Quickstart
Mistral AI provides ready-to-use Docker images on the Github registry. The weights are distributed separately.
To run the image, you need a cloud virtual machine with at least 24GB of vRAM for good throughput and float16 weights. Other inference stacks can lower these requirements to 16GB vRAM.
Running an inference server using Docker + vLLM
On a GPU-enabled host, you can run the Mistral AI LLM Inference image with the following command to download the model from Hugging Face:
docker run --gpus all \
-e HF_TOKEN=$HF_TOKEN -p 8000:8000 \
ghcr.io/mistralai/mistral-src/vllm:latest \
--host 0.0.0.0 \
--model mistralai/Mistral-7B-v0.1
Where HF_TOKEN
is an environment variable containing your Hugging Face user access token.
If you have downloaded the weights in the Hugging Face format on your local instance in the folder /path/to/model
, you can directly run:
docker run --gpus all \
-p 8000:8000 \
-v /path/to/model/:/mnt/model/ \
ghcr.io/mistralai/mistral-src/vllm:latest \
--host 0.0.0.0 \
--model="/mnt/model/"
This will spawn a vLLM instance exposing an OpenAI-like API, as documented in the API section.

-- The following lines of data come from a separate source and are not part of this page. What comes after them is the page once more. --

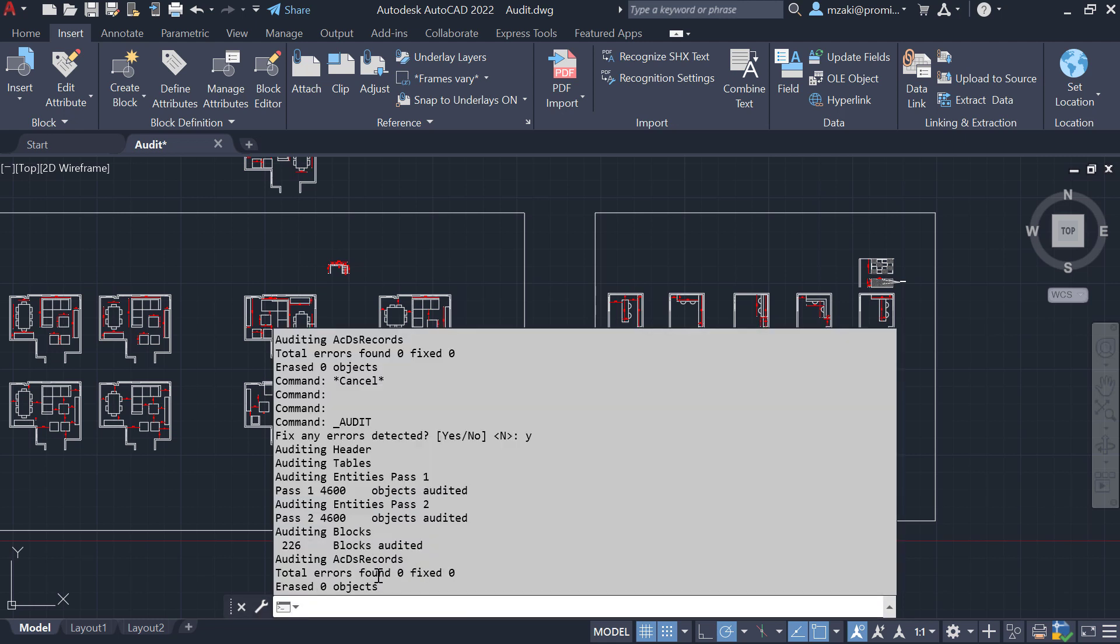Hit F2 to open the command line, and as you can see here, we have total errors zero, fixed zero, erased zero objects. So there are no errors.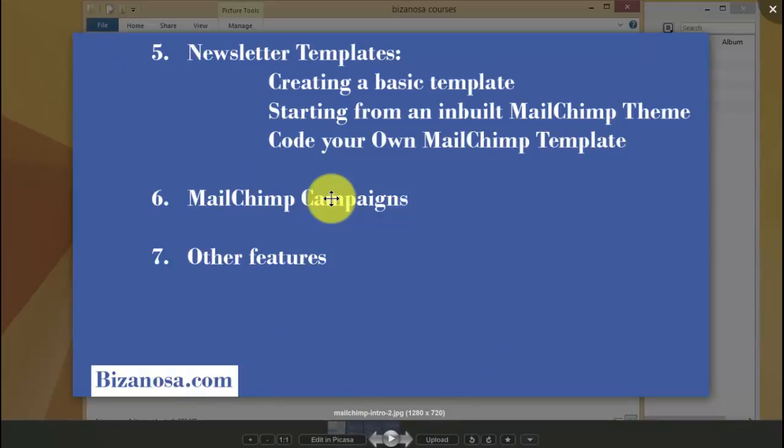We'll also take a look at templates. This is one of the most important things — how you send your email when you're sending your campaigns out to your subscribers. We'll take a look at how to go about creating templates, how you can use themes that are already available on MailChimp, and how you can use your own templates.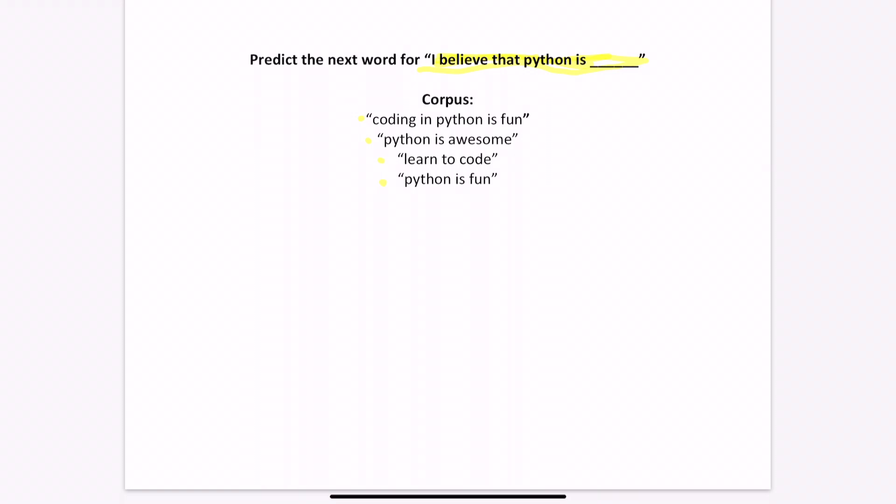For using a bigram model, we first look at the number of occurrences for Python is. Notice how Python is occurs three times. Now, we notice that fun occurs twice, while awesome occurs once. This would tell us that there is a two out of three chance that the answer would be fun, and a one out of three chance that the answer would be awesome.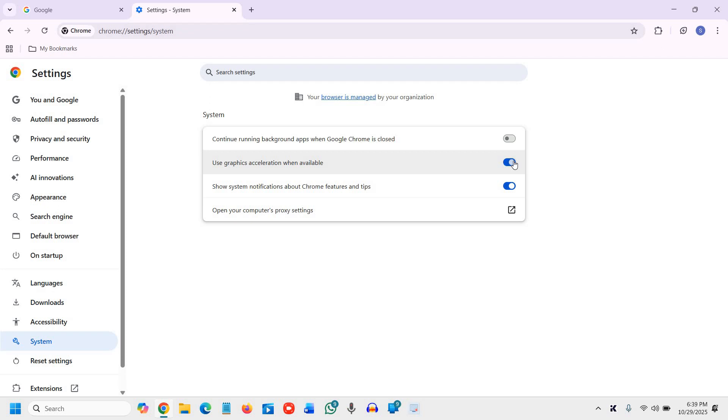Now we need to disable this as well: 'Use hardware acceleration when available.' This stops Chrome from overloading your GPU and makes your browsing smoother and safer.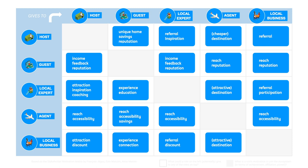A column represents the value each role gets or potentially could get out of the ecosystem. This is the value that speaks to a role and motivates a role to get to that value.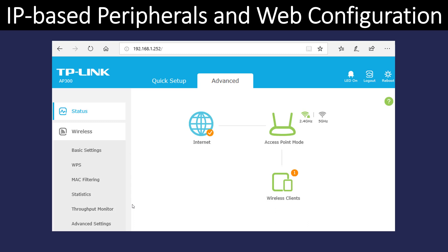There's another set of devices that we define as IP-based peripherals, meaning we access the device through an IP address. One common example is a web-based camera — perhaps on the front of your house or a business security camera. You would access the configuration by going to a web browser and typing in the private IP address. In this example, the person went to 192.168.1.252, which happens to be their TP-Link router, and they configure it from there.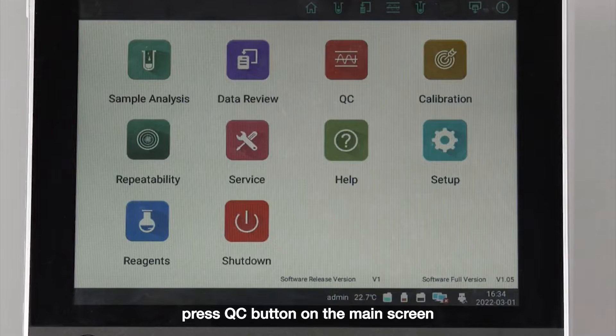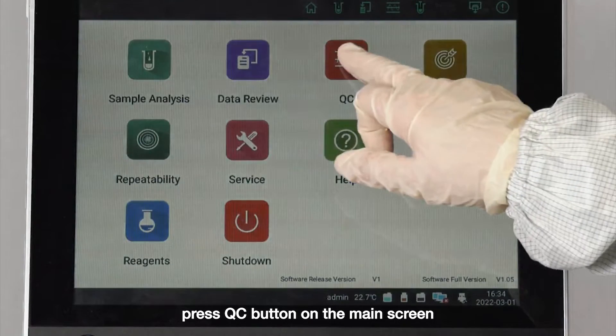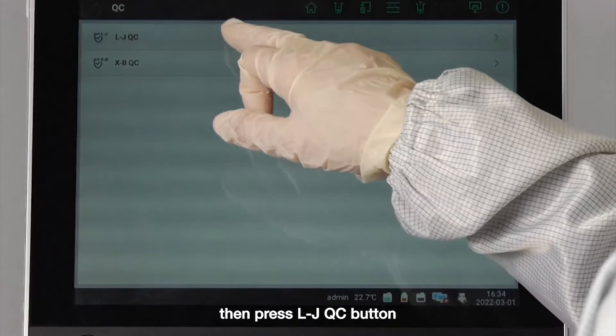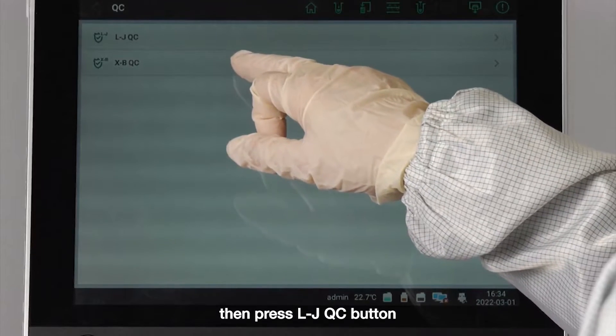Press the Quality Control button on the main screen, then press the LJ Quality Control button.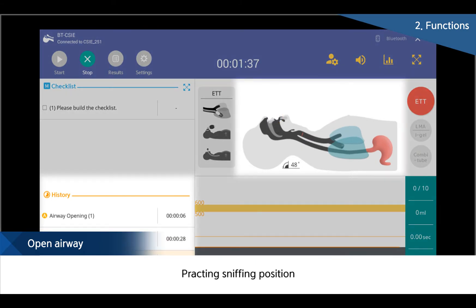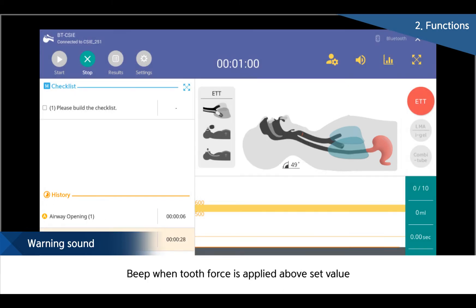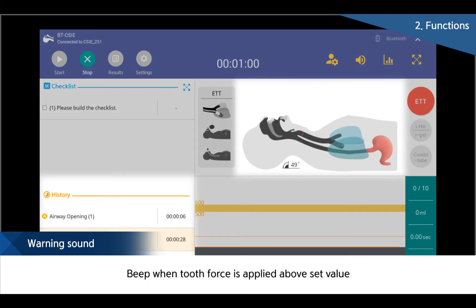Likewise, sniffing positions also can be confirmed, and the display and alarm can be confirmed when excessive pressure is applied to teeth.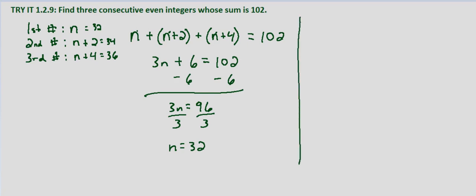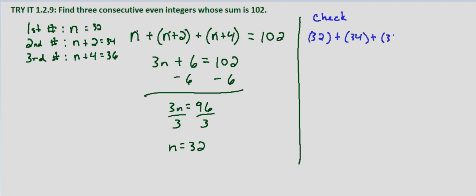So we know these are three consecutive even integers. Each one is even, and it's two more than the one previous. So how do we check? We simply verify that the sum of the three consecutive even integers is 102. So 32 plus 34 plus 36,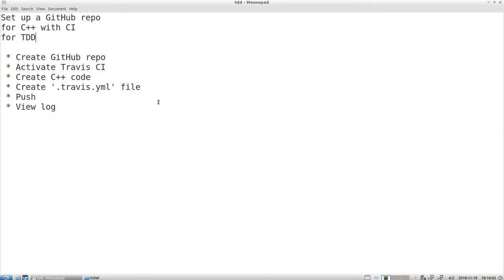Hello, I would like to show you how to set up a GitHub repository for C++ when you want to add continuous integration onto that GitHub, especially tuned for doing test driven development.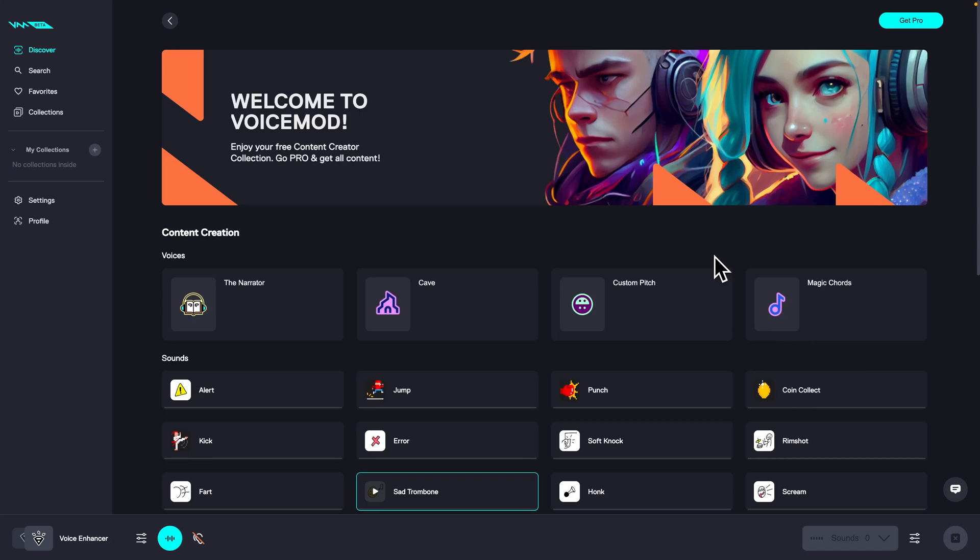Hey guys, my name is Elijah and in today's tutorial I am going to show you how you can change your voice in VoiceMod on Mac.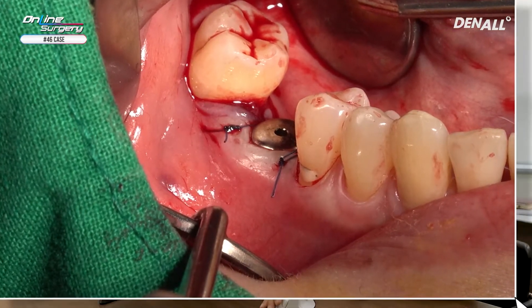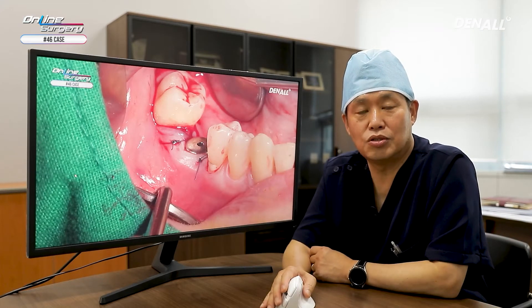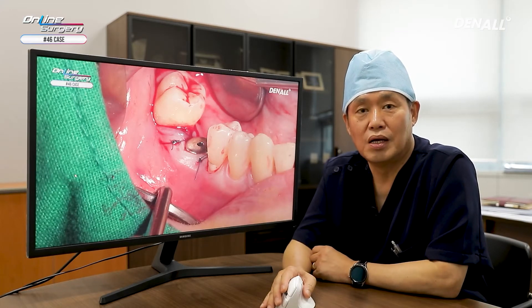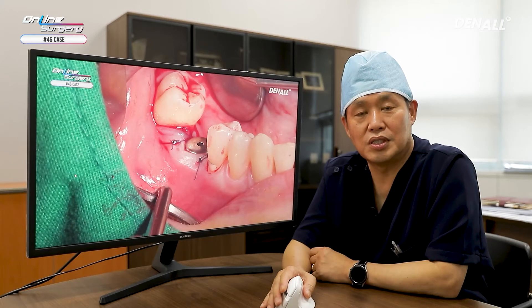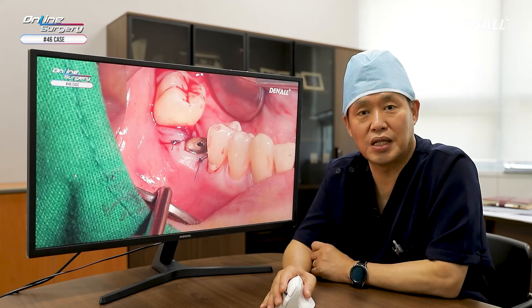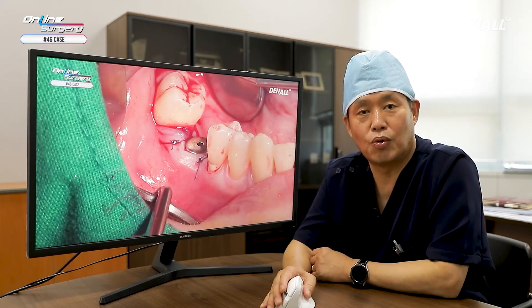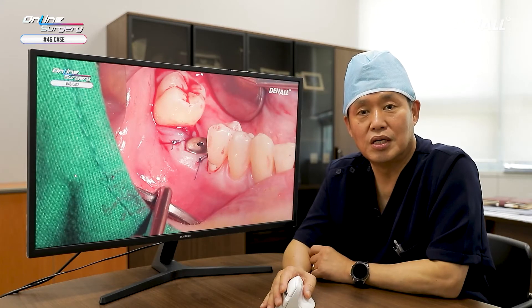Surgery is complete in the case of a lower posterior single missing case. At times, tissue level SS implant is used instead of TS implant. In these cases, when you use a TS implant, there can be sinking down. If you're concerned about those issues, you can use an SS tissue level implant. Because there's a stop superior to the abutment, you'll feel less stressed about sinking down or screw loosening. SS type implants have many advantages in terms of these aspects.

If your GPU has CUDA capabilities below 8.0, you will see the error ValueError: Bfloat16 is only supported on GPUs with compute capability of at least 8.0. Your XXX GPU has compute capability 7.0
. You need to pass the parameter --dtype half
to the Docker command line.
Running an inference server using vLLM
Alternatively, you can directly spawn a vLLM server on a GPU-enabled host with Cuda 11.8.
Install vLLM
Firstly you need to install vLLM (or use conda add vllm
if you are using Anaconda):
pip install vllm
Log in to the Hugging Face hub
You will also need to log in to the Hugging Face hub using:
huggingface-cli login
Run the OpenAI compatible inference endpoint
You can then use the following command to start the server:
python -u -m vllm.entrypoints.openai.api_server --host 0.0.0.0 --model mistralai/Mistral-7B-v0.1
Next steps
Once the server is running, you can use any OpenAI-compatible client to interact with it, or directly implement the routes you need as described in the API documentation.